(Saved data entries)
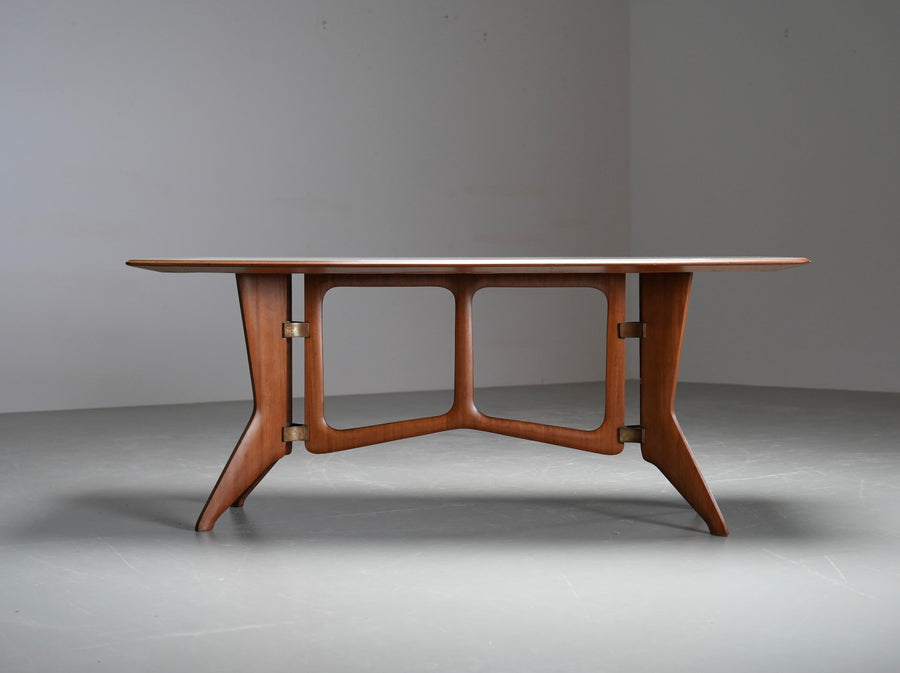 Ariberto Colombo Dining Room Table in Walnut, Glass and Brass, Italy, 1950's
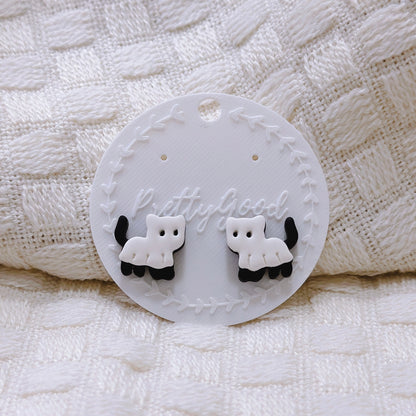 Handcrafted Ghost Cat Stud Earrings – Cute Black and White Polymer Clay Halloween Jewelry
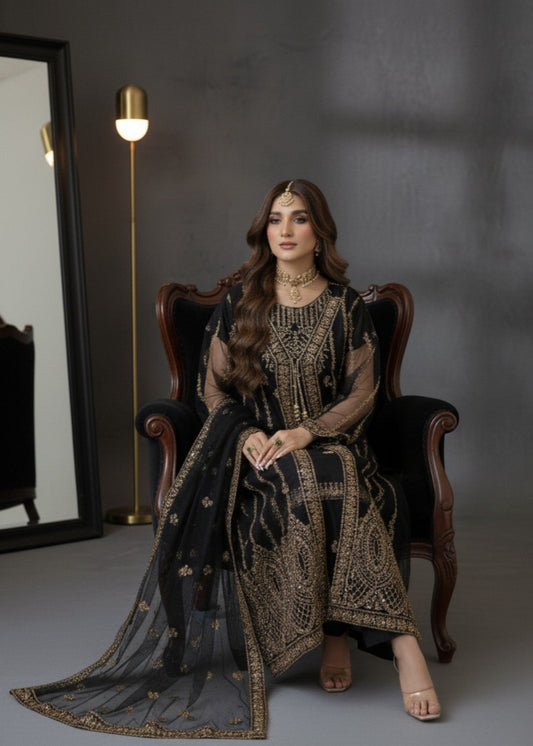 Black Elegance | 4pcs Net Gown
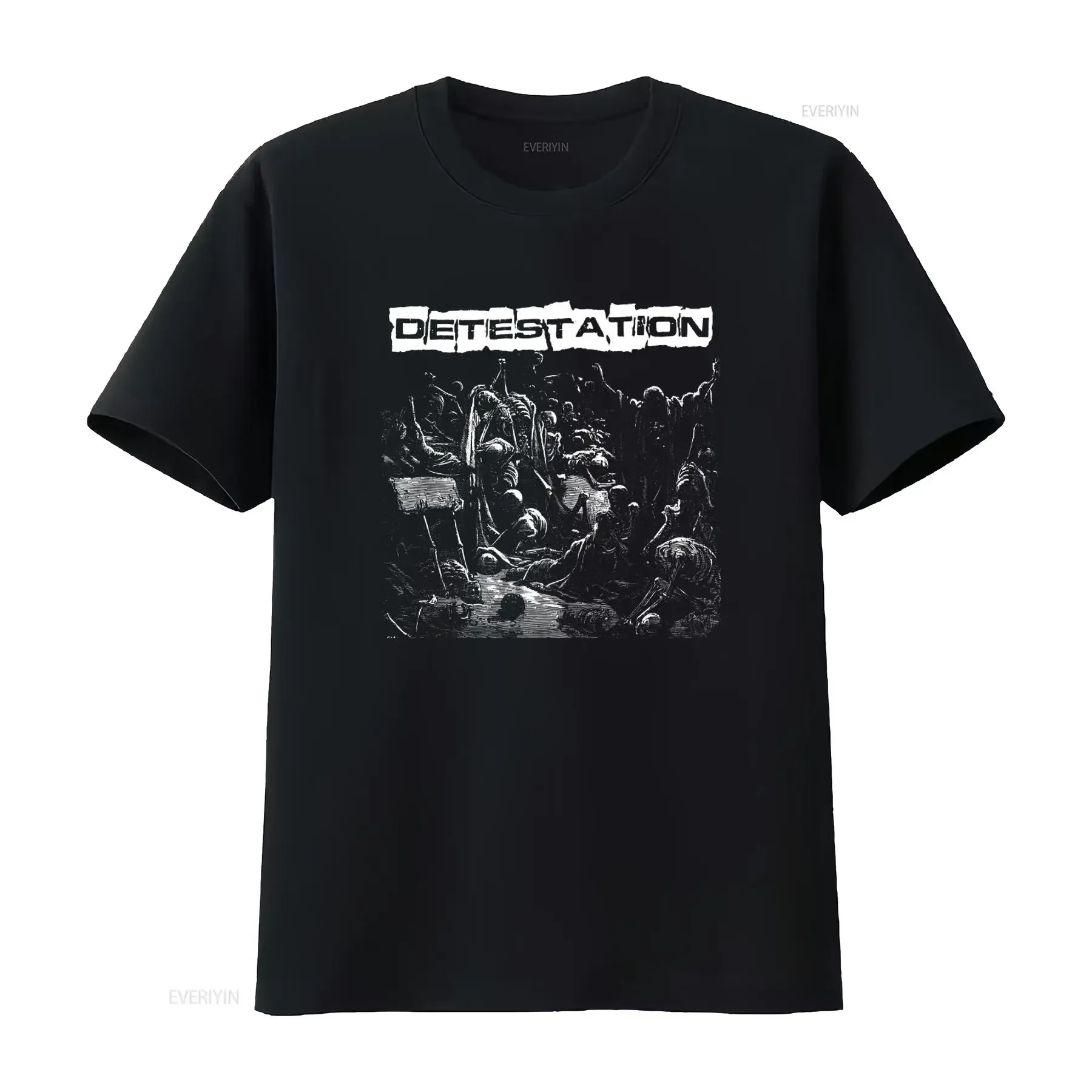 Camiseta DETESTATION, Estilo Hardcore Punk D beat Crust Anti cimex, Diseño Vintage, Lavado Vintage, Ligeramente Gráfico, Moda Casual para Hombre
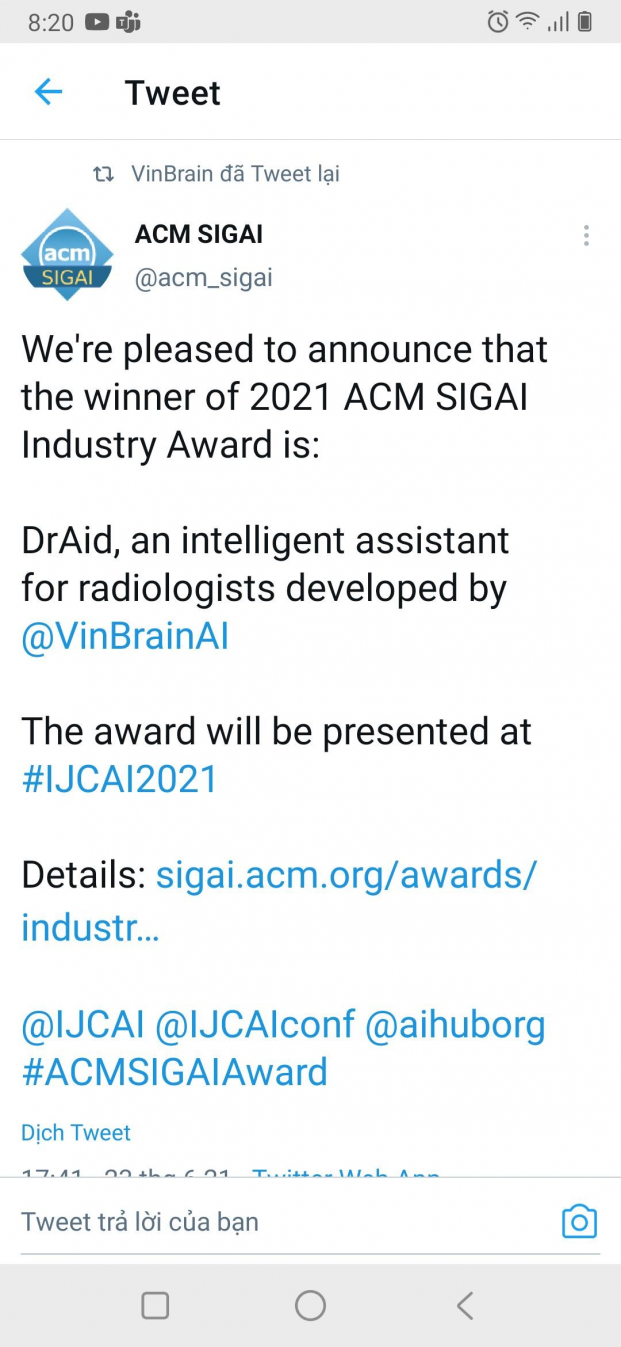   Ban tổ chức công bố sản phẩm DrAid của VinBrain giành giải thưởng “ACM SIGAI Industry Award 2021” trên Twiter chính thức  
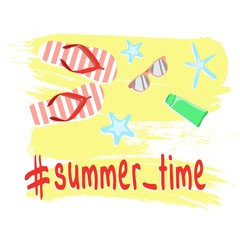 Summer items in the sand. Flat illustration on a white background. Summer time.
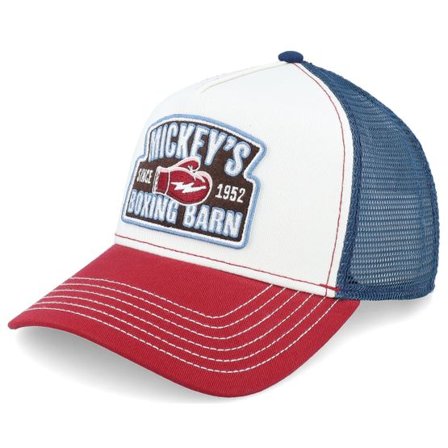 JJ Hats - Vit trucker Keps - Boxing Barn White/Navy/Burgundy A-Frame Trucker @ Hatstore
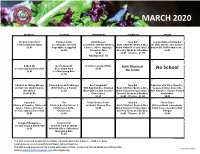 HNA Cafe Menu March 2020
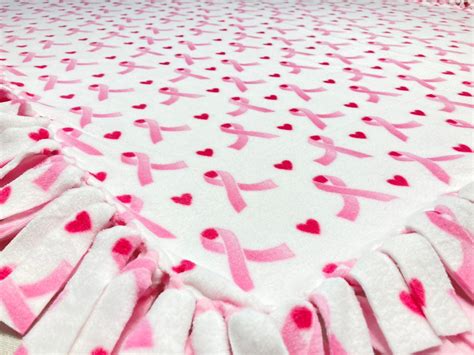 Breast Cancer Awareness Pink Ribbon Fleece Blanket No Sew Etsy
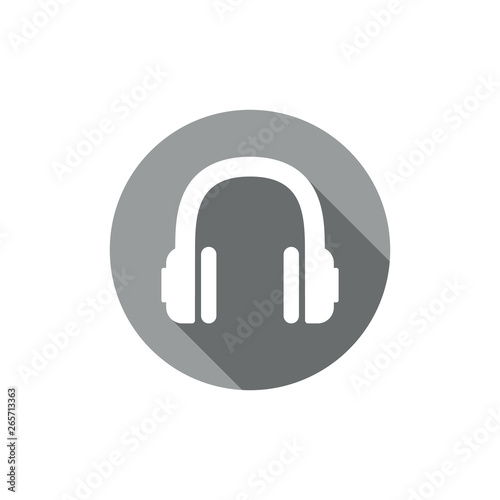Headphones Vector Icon in trendy flat style. Perfect headphone design in grey circle for your mobile and web design.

▸ **What is expected**
Give every entry above again, exactly, and keep all pictures out of it.

▸ **Reply**
 Ariberto Colombo Dining Room Table in Walnut, Glass and Brass, Italy, 1950's
 Handcrafted Ghost Cat Stud Earrings – Cute Black and White Polymer Clay Halloween Jewelry
 Black Elegance | 4pcs Net Gown
 Camiseta DETESTATION, Estilo Hardcore Punk D beat Crust Anti cimex, Diseño Vintage, Lavado Vintage, Ligeramente Gráfico, Moda Casual para Hombre
   Ban tổ chức công bố sản phẩm DrAid của VinBrain giành giải thưởng “ACM SIGAI Industry Award 2021” trên Twiter chính thức  
 Summer items in the sand. Flat illustration on a white background. Summer time.
 JJ Hats - Vit trucker Keps - Boxing Barn White/Navy/Burgundy A-Frame Trucker @ Hatstore
 HNA Cafe Menu March 2020
 Breast Cancer Awareness Pink Ribbon Fleece Blanket No Sew Etsy
Headphones Vector Icon in trendy flat style. Perfect headphone design in grey circle for your mobile and web design.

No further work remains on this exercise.